### EXERCISE GOAL
Take each line from the entries that holds "online" and copy it out.

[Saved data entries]
┄┄┄┄┄┄┄┄┄┄┄┄┄┄┄┄┄┄┄┄
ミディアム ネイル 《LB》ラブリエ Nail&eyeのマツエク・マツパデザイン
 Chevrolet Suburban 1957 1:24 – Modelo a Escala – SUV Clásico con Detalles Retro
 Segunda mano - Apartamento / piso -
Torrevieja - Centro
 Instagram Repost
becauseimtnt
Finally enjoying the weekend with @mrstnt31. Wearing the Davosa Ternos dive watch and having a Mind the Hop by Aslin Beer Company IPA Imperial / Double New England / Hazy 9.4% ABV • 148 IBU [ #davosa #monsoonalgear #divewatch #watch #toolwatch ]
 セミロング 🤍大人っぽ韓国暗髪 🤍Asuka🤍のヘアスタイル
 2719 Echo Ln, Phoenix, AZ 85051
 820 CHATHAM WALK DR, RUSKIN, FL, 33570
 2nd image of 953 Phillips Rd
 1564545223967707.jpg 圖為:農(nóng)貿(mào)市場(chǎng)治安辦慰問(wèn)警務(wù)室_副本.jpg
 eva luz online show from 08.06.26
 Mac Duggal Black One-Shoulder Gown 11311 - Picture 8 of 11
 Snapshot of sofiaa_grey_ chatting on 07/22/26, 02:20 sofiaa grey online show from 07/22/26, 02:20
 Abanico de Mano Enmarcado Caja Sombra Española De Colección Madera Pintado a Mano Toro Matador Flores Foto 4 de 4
┄┄┄┄┄┄┄┄┄┄┄┄┄┄┄┄┄┄┄┄
### FINAL ANSWER
 eva luz online show from 08.06.26
 Snapshot of sofiaa_grey_ chatting on 07/22/26, 02:20 sofiaa grey online show from 07/22/26, 02:20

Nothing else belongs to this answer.